Таинственное пламя царицы Лоаны - Умберто Эко 10 стр.


— Имей в виду, милый папа, — сказала Николетта, запихивая в машину то, за чем она приезжала, — Солара отсюда вроде бы далеко, но там за домом есть такая тропинка, которая с горы ведет прямиком в городок, она крутая, но в ней вырублены ступеньки, а кроме того, довольно скоро она переходит в прямую ровную дорогу. Путь в городок занимает четверть часа, обратно, с учетом подъема, двадцать минут, ты всегда говорил, что против холестерина — лучшее средство. В ларьке продают газеты, там же можно купить сигарет, можешь просить сходить Амалию, она туда наведывается в восемь утра практически ежедневно — по собственным делам и на мессу. Но ты ей пиши на бумажке, какую газету тебе покупать и за какое число, а то, дай только Амалии волю, она станет тебе каждый день таскать одну и ту же программу телепередач на текущую неделю. Другого тебе ничего не надо? Ты уверен? Я бы с тобой побыла, но мама считает, что необходимо тебе остаться наедине со старыми вещами.

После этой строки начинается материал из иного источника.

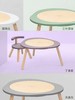 Stokke Mutable V2 （1桌1椅）多功能儿童玩具游戏桌益智早教 3岁+ 商品缩略图4
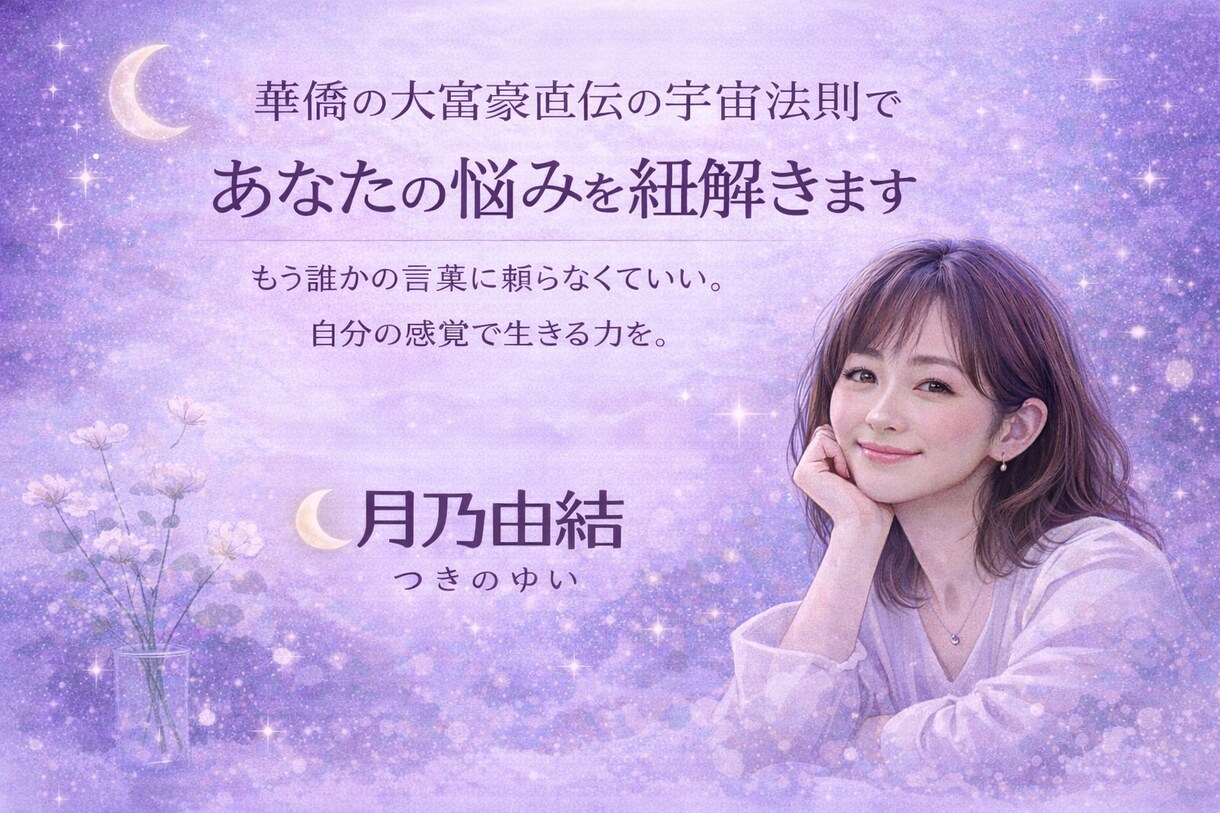 宇宙法則であなたの悩みを紐解きます もう誰かの言葉に頼らなくて良い。自分の感覚で生き直す力を。 イメージ1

Николетта уехала, Амалия показала мне мою с Паолой спальню (там пахло лавандой). Разложив привезенные вещи, я переоделся в самую удобную одежду, какую удалось найти, в расшлепанные ботинки, которым было лет двадцать, — теперь я смотрелся бирюком, — и полчаса простоял у окна, разглядывая горы в той стороне, где находился массив Ланг.


На столе в кухне лежала газета времен Рождества (в последний раз мы приезжали с девочками на праздники). Я углубился в чтение, налив себе стаканчик муската из бутылки, торчавшей в ведре с ледяной колодезной водой. В конце ноября Организация Объединенных Наций одобрила проект применения силы для освобождения Кувейта от иракцев, в Саудовскую Аравию перебрасывались первые американские части, речь шла о последних попытках переговоров представителей Соединенных Штатов Америки с министрами Саддама, с целью добиться вывода иракских войск. Эта газета была полезна для реконструкции недавних событий, и я читал ее, как читают выпуски последних новостей.

Внезапно я вспомнил, что этим утром, готовясь к отъезду, во власти сборов и суматохи, не имел стула. Я направился в уборную — идеальнейшее место для чтения статьи, вдобавок можно и посматривать через окошко на дальний виноградник. И вдруг у меня родилась мысль, скажем даже, желание, древнее, дремучее, справить большую нужду на свежем воздухе. Я затолкал в карман газету и толкнул ладонью, сам не поняв, случайно ли или по велению природного компаса, дверь на задворки. Прошел через огород; тот выглядел очень ухоженным. У хозяйственного флигеля за деревянными заборчиками слышались квохтанье, пыхтенье и хрюки. В дальнем конце огорода начиналась тропинка, подъем на виноградник.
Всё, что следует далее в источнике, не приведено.